Ever had the Hairy crab that is only available in November (in Hong Kong), so sweet. You mostly eat the roe, not the meat. and the only way to buy them is live on the street tied up in a bamboo straight jacket.

G


----------



## shroomgirl (Aug 11, 2000)

passed live blues at the Asian store last sat, $3 a # or so.....they also had live in the tank small, read size of a silver dollar abalone......thought they were endangered and only certain divers on a full moon could catch one...so why are they in an edible fish tank in STL, Mo.?
just curious. figured you that know pacific shellfish may know the answer.
Actually I'm a blue crab claw fan. Lump was too mild.....lived on the Louisiana coast for years, and had alot of backyard crab or crawfish boils.....newspapers/new potatoes and all.


----------



## heavyg (Nov 6, 2007)

I was in Hong Kong / Southern China a couple of weeks ago, and there was a huge controversy brewing about counterfeit blue crabs flooding the market. Seems not all seafood is labelled properly before heading to market... Big suprise.

G.


----------



## kyheirloomer (Feb 1, 2007)

Shroom, as I understand it, the ban on harvesting abalone only applies to California waters.

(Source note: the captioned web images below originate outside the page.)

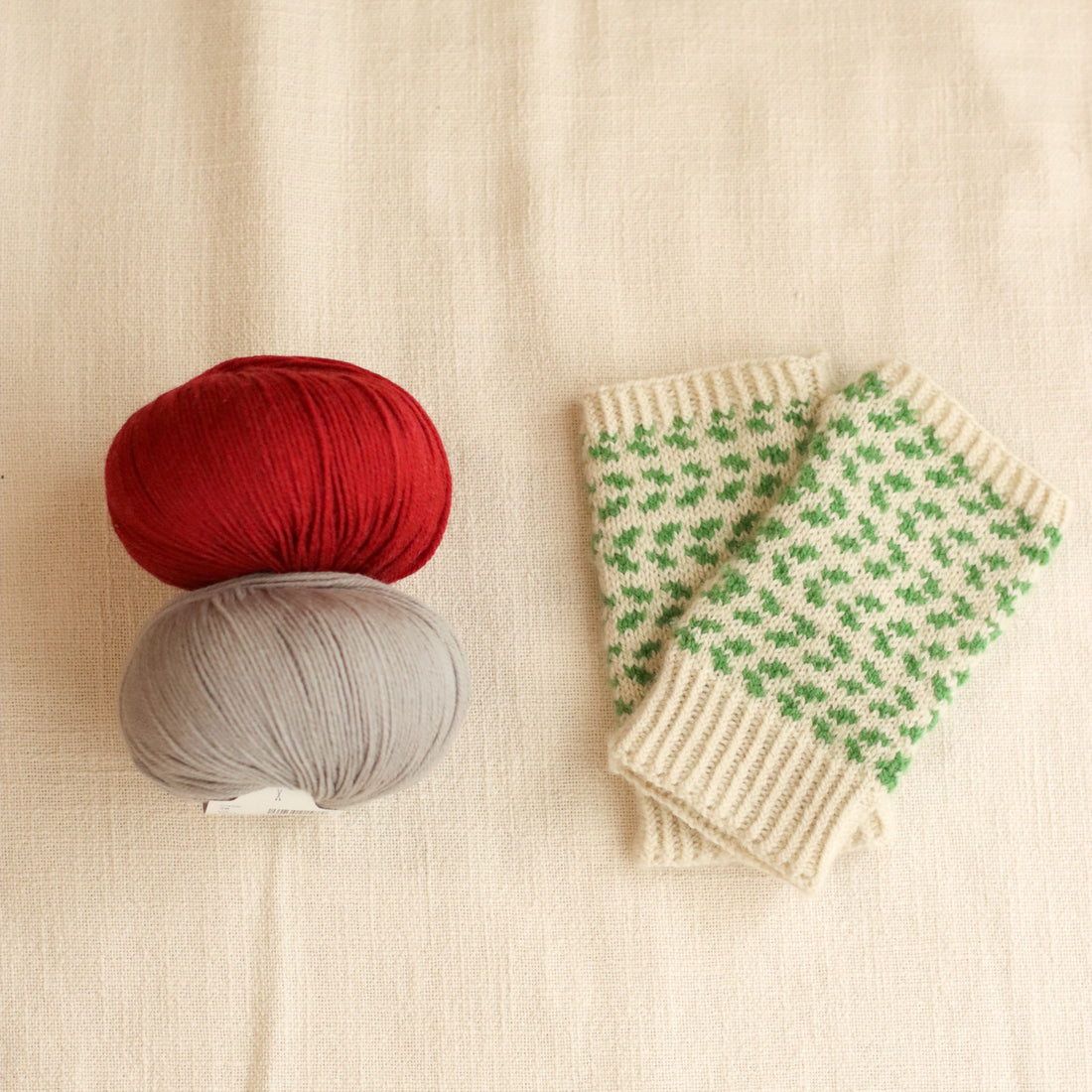 Bilberry Fingerless Mitts Knitting Kit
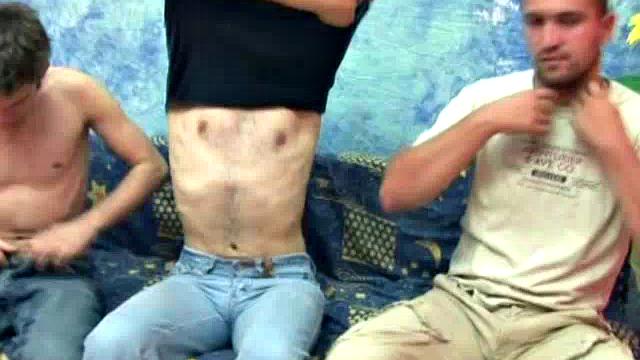 Hot and horny hunks in threesome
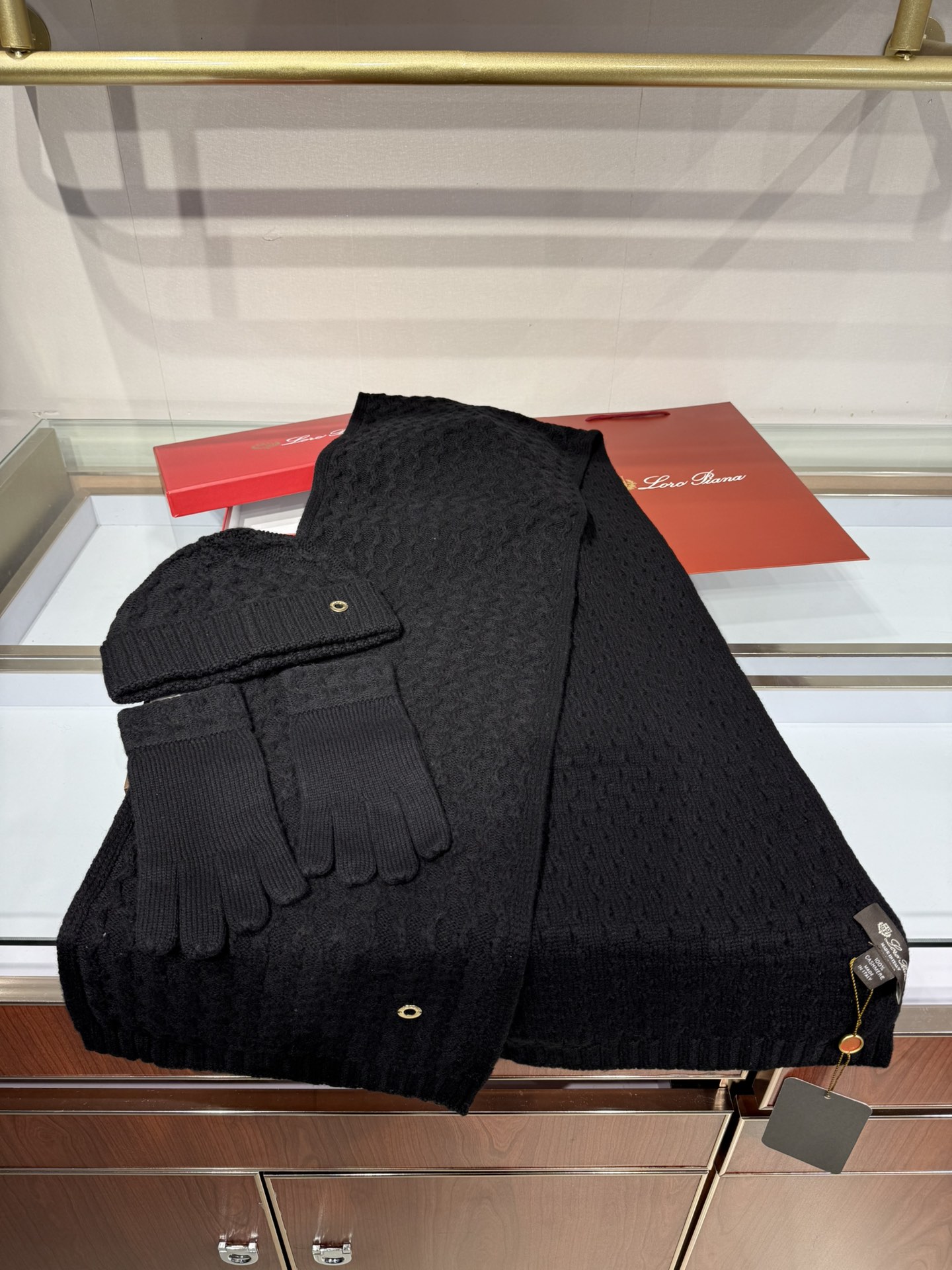 💟罗罗皮雅娜百分百纯羊绒三件套装，外单客户订制的高端产品，百分百纯羊绒价格小贵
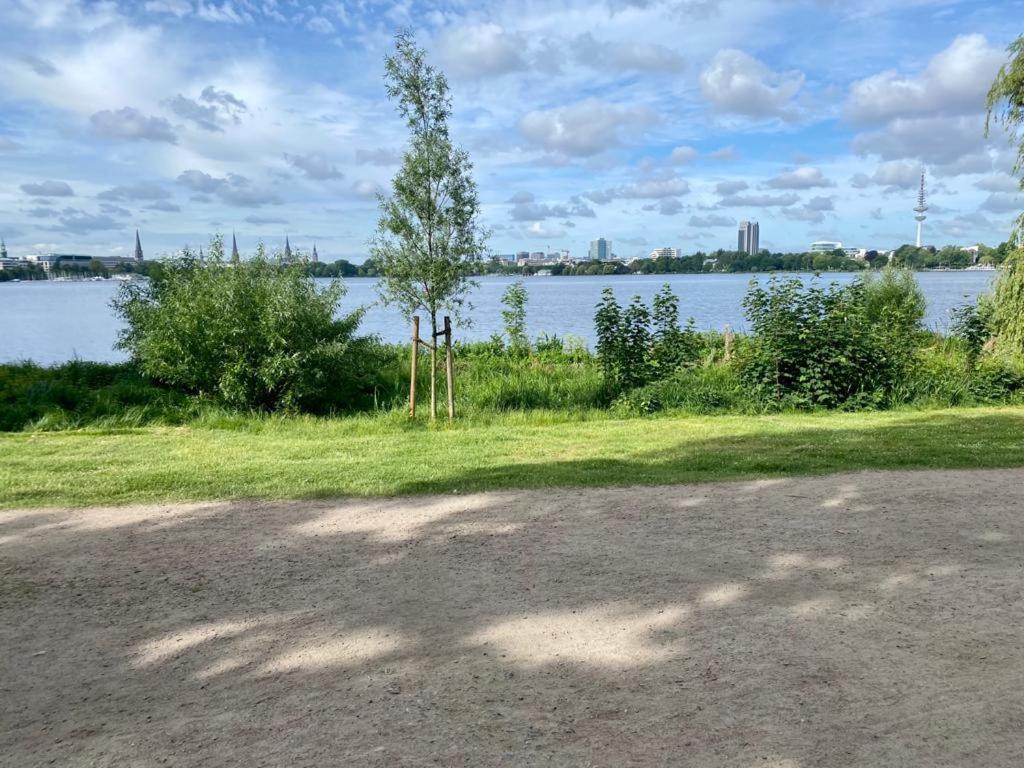 Alster Hamburg - Saniertes Und Mobliertes Apartment Mit Bad Und Kuche Eksteriør billede
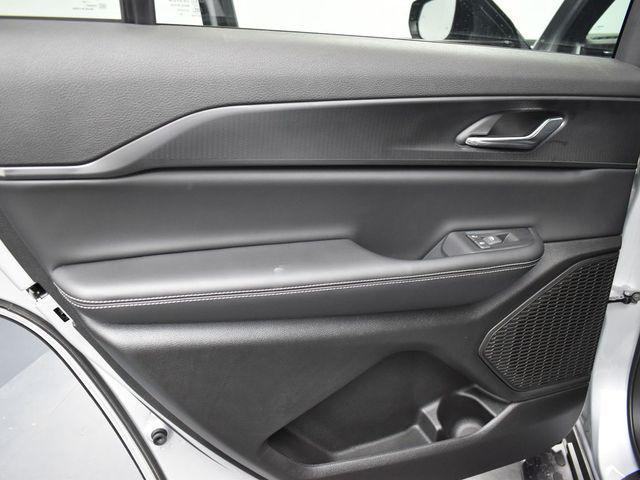 Photo of 2025 Silver Zynith Jeep Grand Cherokee L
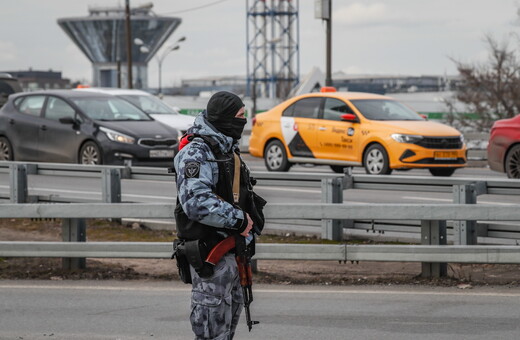Τρομοκρατική επίθεση στη Μόσχα: «Ελπίζουμε να μην βρίσκονται από πίσω οι γαλλικές μυστικές υπηρεσίες»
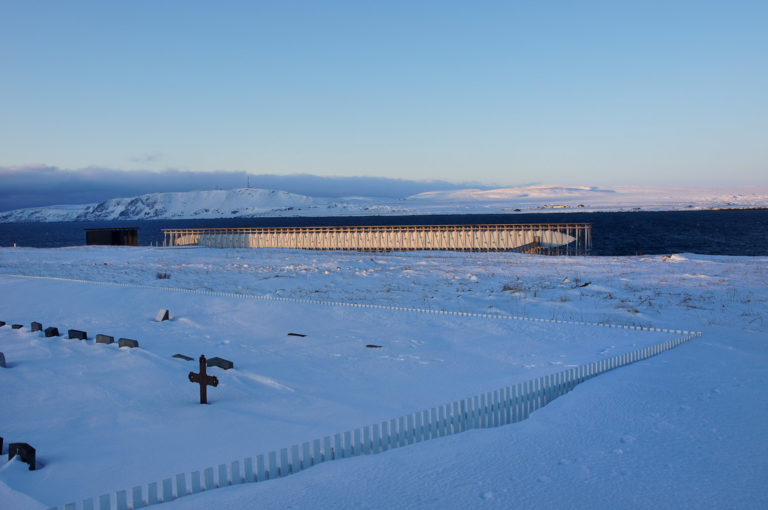 Steilneset i Vardø, minnehallen og  Louise Bourgeois' kunstverk over de 91 som ble brent for trolldomsvirksomhet. Den internasjonalt kjente arkitekten Peter Zumthor har tegnet både minnehallen og glassbygget.

©Foto: Helge Stikbakke / Statens vegvesen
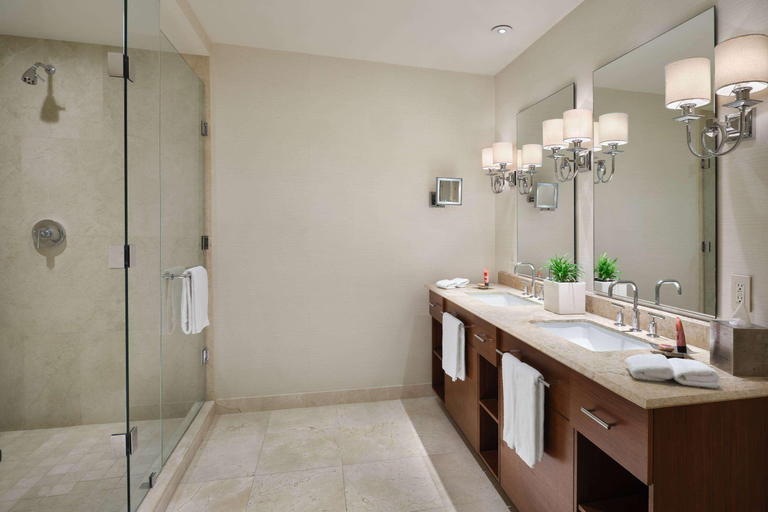 Bathroom 5, Bristol Panama, a Registry Collection Hotel, Panamá
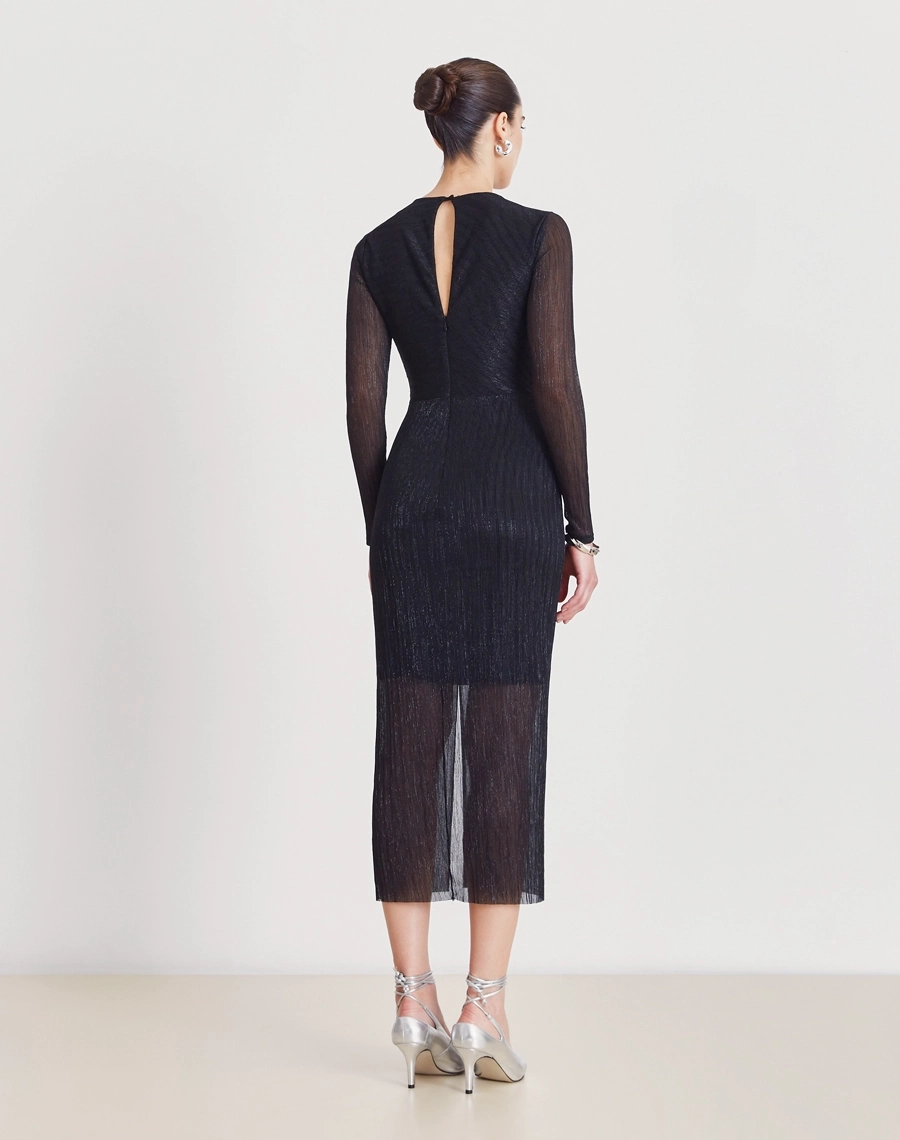 Vestido Midi Erica confeccionado em malha plissada metálica, tecido leve e confortável, caracterizado por sua textura elegante e cheia de movimento.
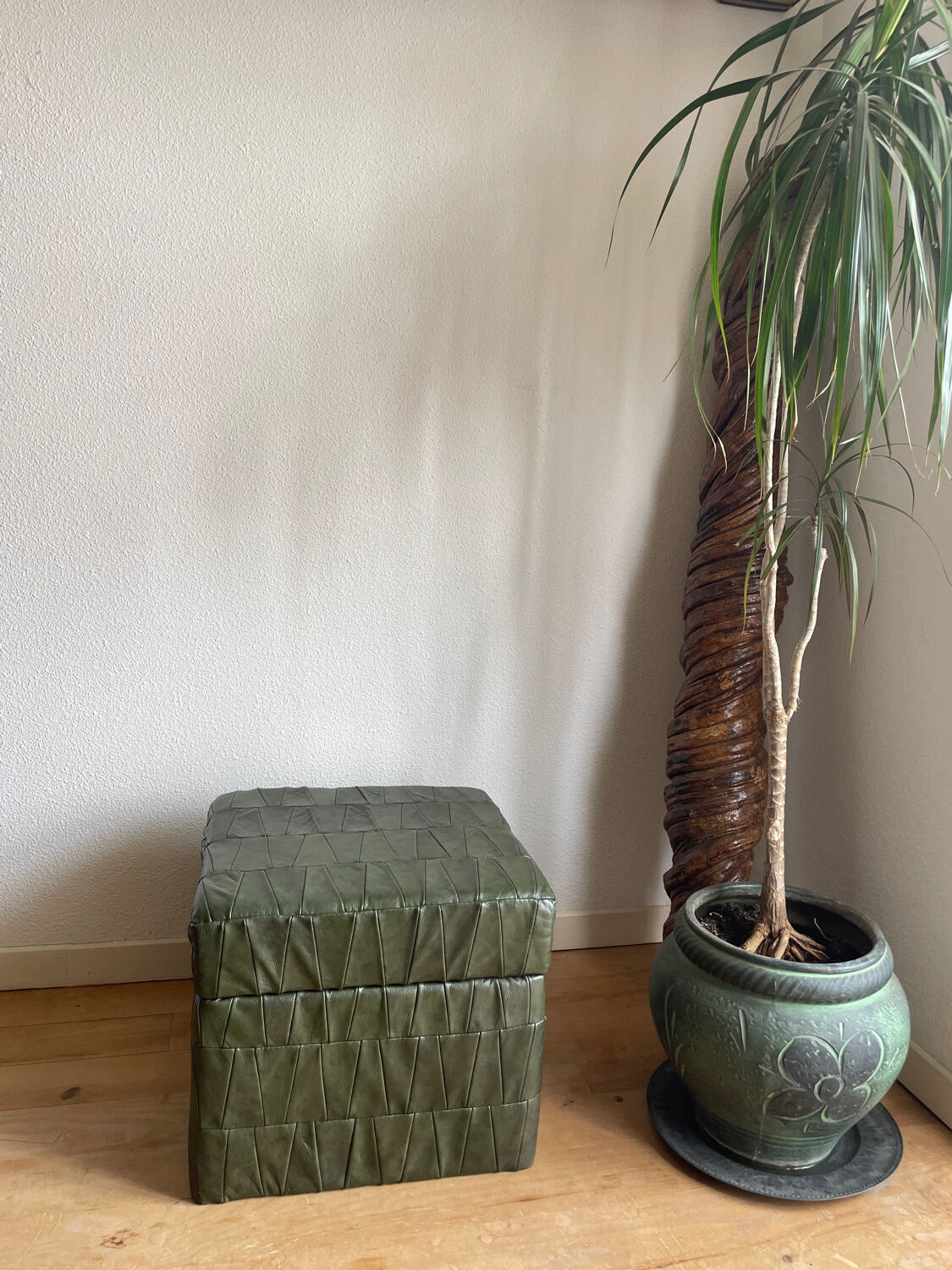 Pouf leather chest patchwork vert  De Sède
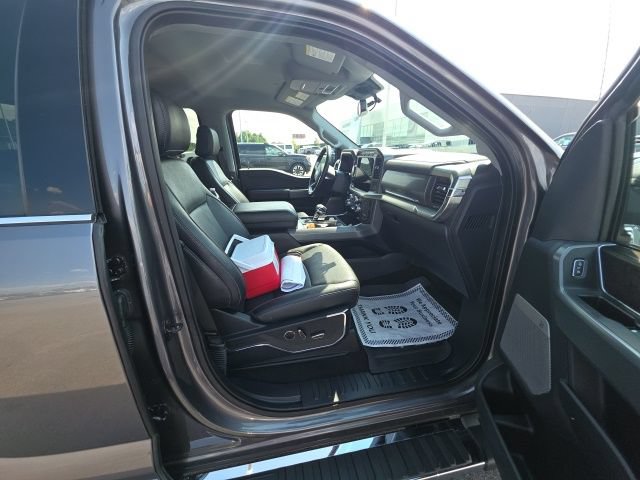 Certified 2021 Ford F150 Lariat w/ Max Trailer Tow Package AWD/4WD image 24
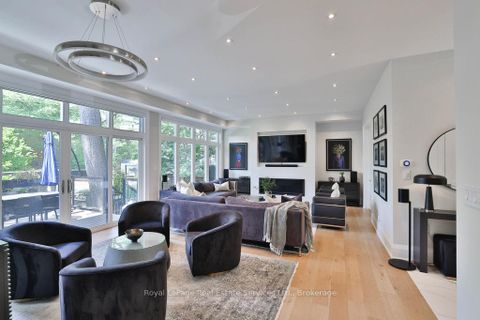 Photo 7 at 182 Charnwood Drive, FD Ford, Oakville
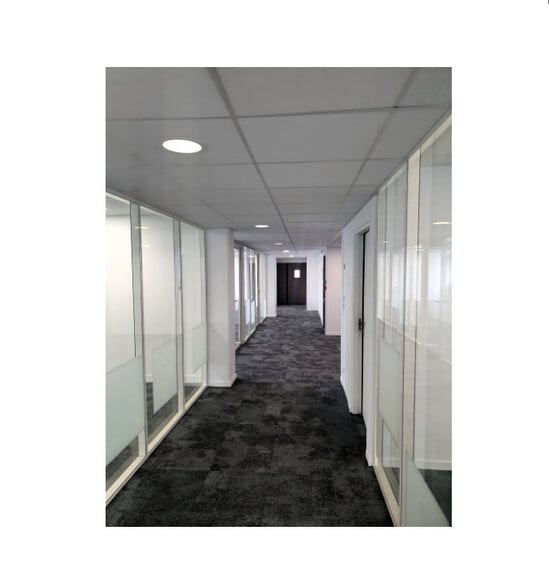 39 Rue Du Gouverneur Général Eboué, Issy-les-Moulineaux à louer - Photo de l’immeuble – Image 3 sur 12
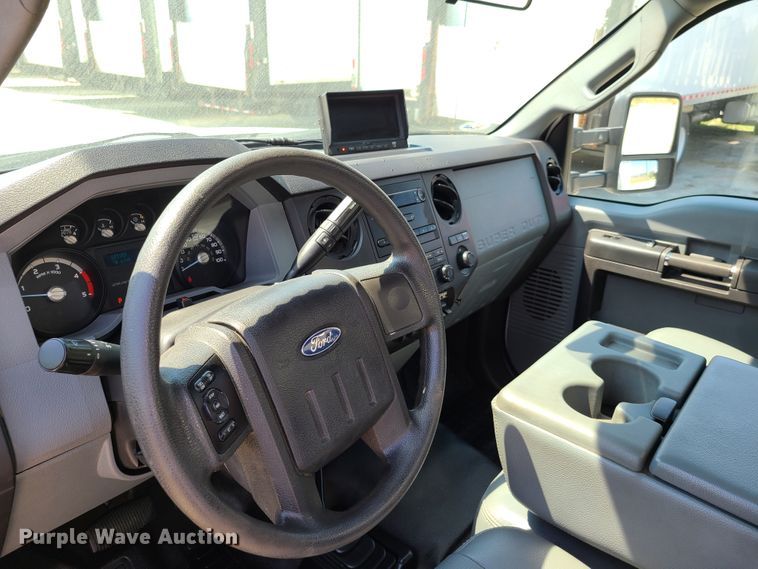image for item GY9503 2012 Ford F550 Super Duty  utility truck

It's not that abalone is endangered, just that it was being overharvested off the California coast.

The ones you saw probably came from Asia.


----------



## shel (Dec 20, 2006)

There's no "ban" on harvesting California abalone, just some strong restrictions, which have been in place for years. Harvesting abalone in California is managed through size limits, limits on the number of permits for commercial abalone divers, and restrictions on harvesting areas. Some areas are closed to abalone harvesting in part because abalone is an important food for sea otters, and harvesting certain abalone in certain areas (south of San Francisco, iirc, reduces the food supply to these lovely creatures, putting a strain on their population.

The Pacific Northwest and Alaska also have supp;ies of abalone.


Shel


----------



## mikelm (Dec 23, 2000)

Old thread, but still fun. Still don't agree crabwise with KYH, but that's what makes horse races. :crazy:

Only thing I wanted to add is a recommendation for a restaurant in Portland, OR that I haven't been to in over 30 years.

When I was there, they had been in business over 100 years, so I'm guessing they're still plugging along. If they're not, you can ignore the rest of this post.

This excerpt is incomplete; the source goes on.